Le film nous montre, d'une part, les séances d'interrogatoires et de plaidoiries des accusés et des avocats dans le tribunal proprement dit avec une traduction franco-anglaise (les juges sont pour la plupart anglo-saxons), sans aucune voix "off"qui parasite ce que l'on voit et ce que l'on entend. Parmi les accusés, il y a un Belge, Georges Ruggiu, qui a fait de la propagande sur les ondes de la Radio Télévision Libre des Mille Collines pour appeler aux massacres, et Théoneste Bagosora, colonel des FAR (Forces Armées Rwandaises) et cerveau supposé des massacres. Et d'autre part, la caméra sort de l'enceinte du tribunal pour filmer des paysages du Rwanda, petit pays magnifique aux mille collines et où le réalisateur nous présente, entre autres, un homme, Jean de Dieu Bucyibaruta, qui a avoué sa participation au génocide. Lui-même issu d'un couple mixte, il est marié avec une femme de l'autre ethnie (on ne lui a pas demandé de la tuer. L'aurait-t-il fait?). Quand il est interviewé, il venait de purger une peine de 9 ans et il est en passe d'être à nouveau condamné par un tribunal populaire, un "Gacaca". Il reconnaît avoir été un des bourreaux et c'est d'autant plus terrible que c'est un homme posé, pas un psychopathe. Il a obéi aux ordres de gens qu'il ne connaissait pas. Les "Gacaca" doivent rester en place jusqu'en 2011 ou 2012. La femme de Jean de Dieu préside un des ces tribunaux populaires. Juste avant le générique de fin, on apprend d'ailleurs que Jean de Dieu a été condamné à 30 ans de prison par un "Gacaca".

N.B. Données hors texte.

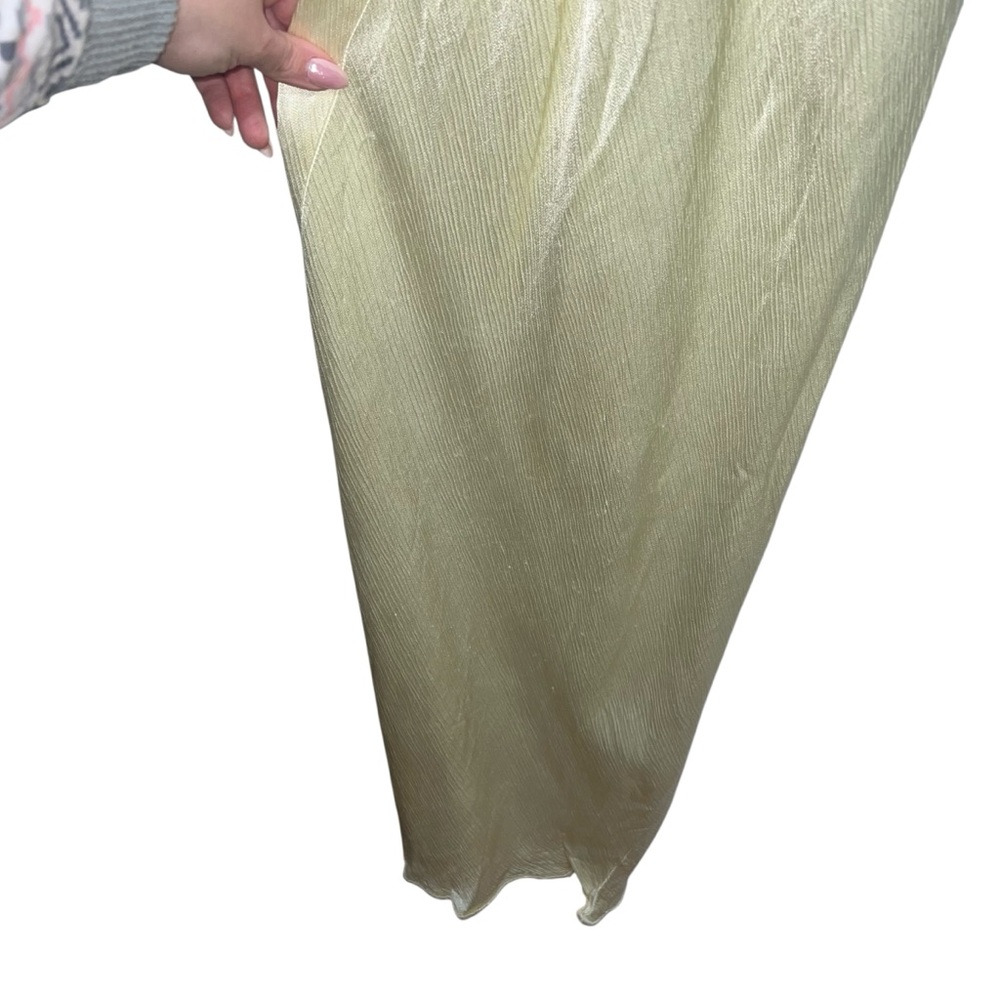 Bec + Bridge Maxina Crossover Maxi Dress In Ice Yellow - Picture 4 of 11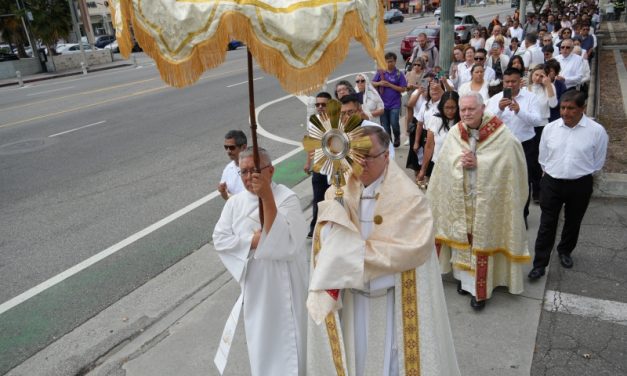 ICE Presence Casts Shadow Over National Eucharistic Pilgrimage in LA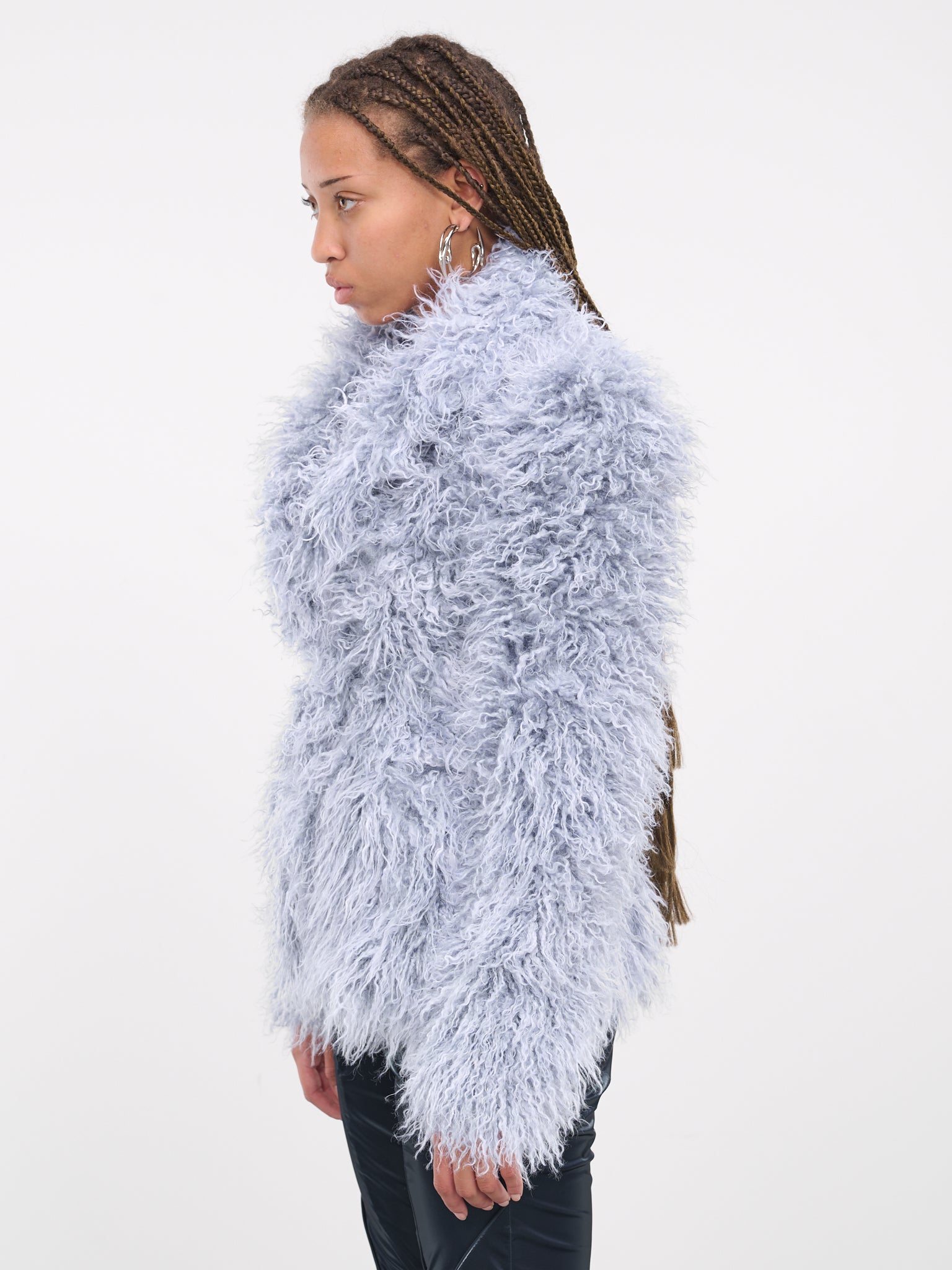 Furry Blazer (2301907-SKY-BLUE)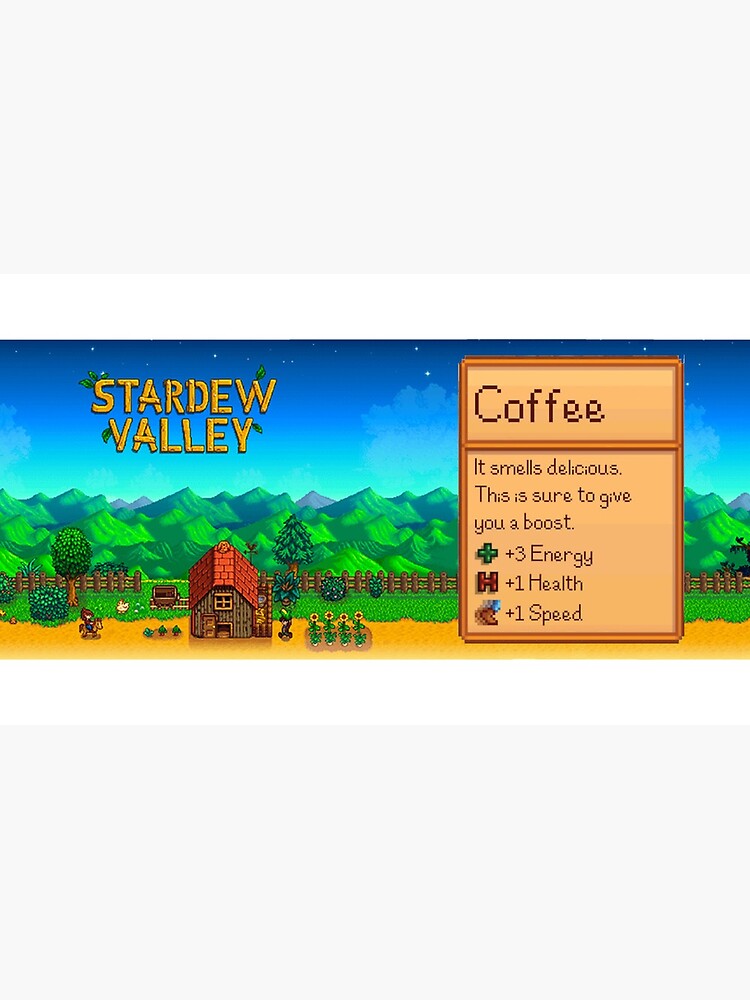 "Stardew Valley Coffee Mug" Coffee Mug for Sale by simstock Redbubble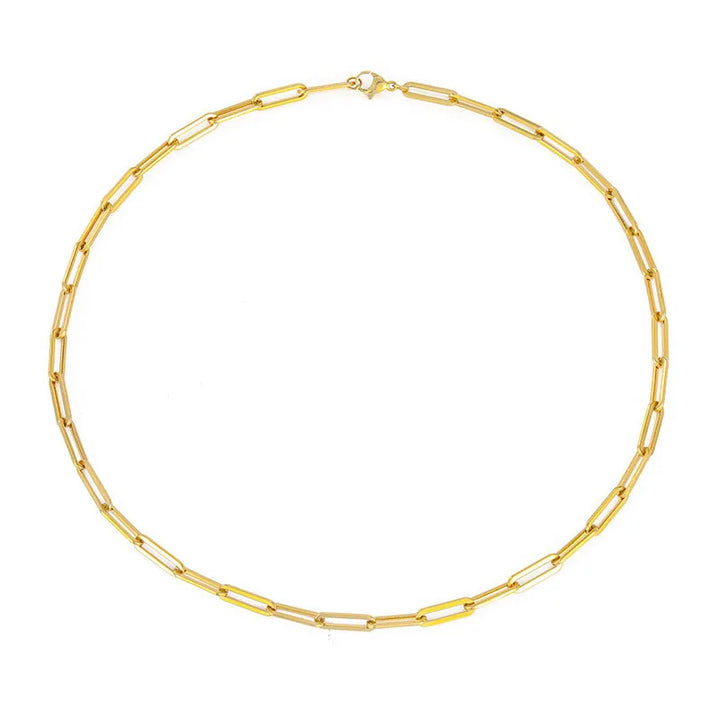 Collar de Mujer con Cadena de Acero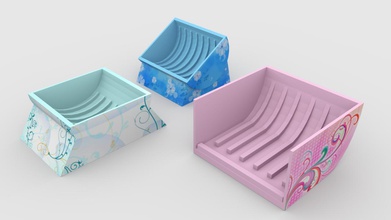 Platte Wiegen Haushaltswaren Farbe 3d print model - Mito3D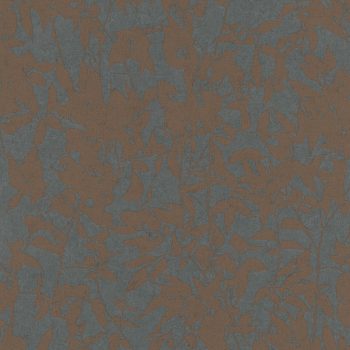   Sötét szürke alapon sötét barna levélmintás Vlies tapéta, Gentle 10435-47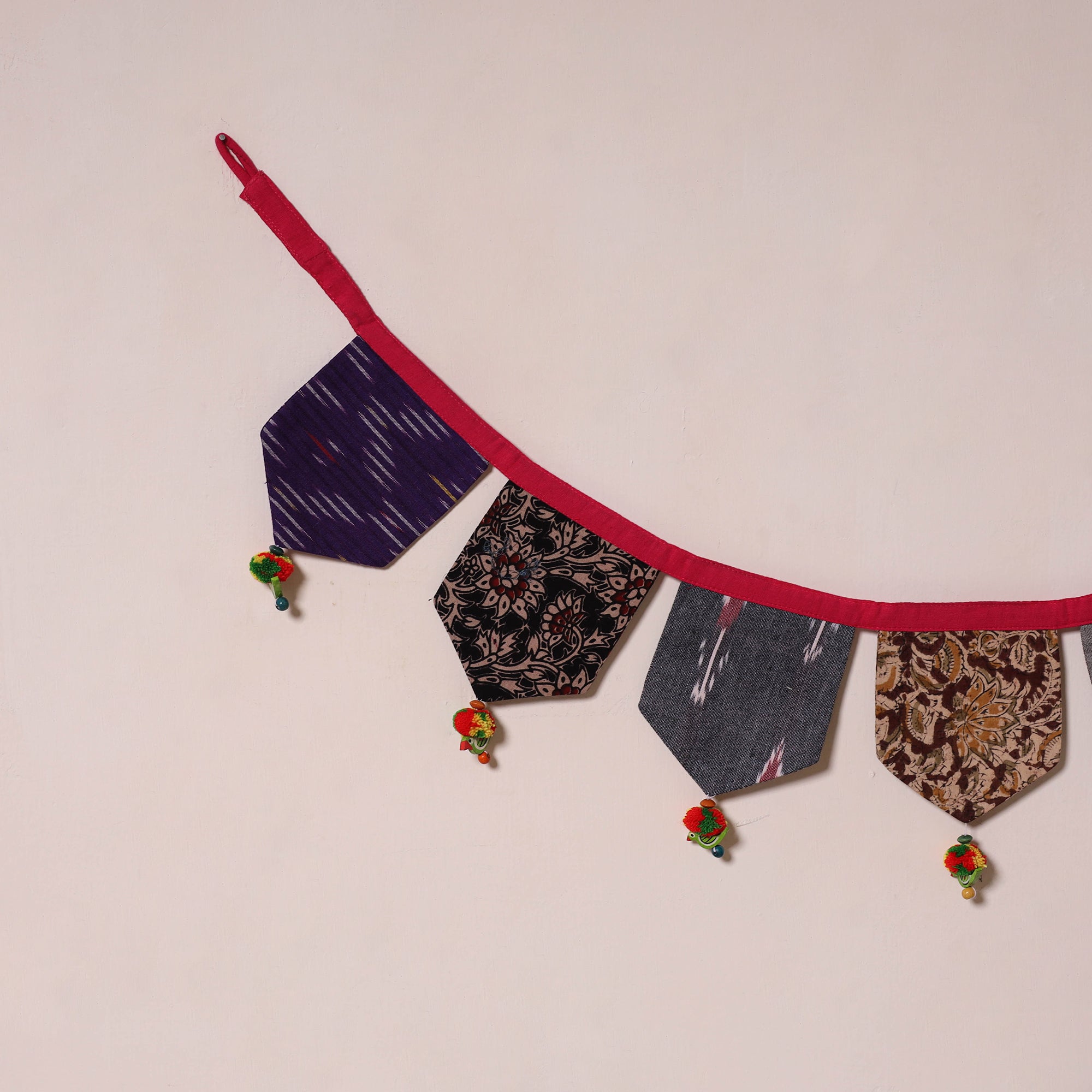 Multicolor - decorative handmade fabric toran 13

A la fin de la séance à laquelle j'ai assisté, il y a eu une rencontre avec le producteur et une spécialiste du dossier. C'est là que je me suis rendue compte de mes lacunes que je vais essayer de combler avec la lecture de l'ouvrage Le tribunal des vaincus - Un Nuremberg pour le Rwanda? de Thierry Cruvellier (cité dans le générique), sur lequel je ferai un billet dès que possible. Thierry Cruvellier est le seul journaliste à avoir suivi pendant 6 ans les procès d'Arusha. Le film, quant à lui, n'est pas parfait: il montre plus qu'il n'explique, mais c'est ce qui fait sa force, et il parle d'un événement qu'il ne faut pas oublier.
Le film est d'autant plus d'actualité qu'a priori, il y a des éléments nouveaux concernant les responsables de l'assassinat du président Rwandais en avril 1994: il s'agirait de Hutus et non de Tutsis. A part ça, je m'interroge sur le fait que ce documentaire, passionnant et qui soulève plein de questions, n'ait pas eu plus d'échos (et qu'il n'ait pas eu droit à une diffusion sur une chaîne de télévision publique, par exemple à une heure de grande écoute) mais il y a des vérités qui fâchent et le ministre des Affaires étrangères français vient d'effectuer, ces jours-ci, une visite au Rwanda pour essayer de renouer des relations économiques avec le Rwanda.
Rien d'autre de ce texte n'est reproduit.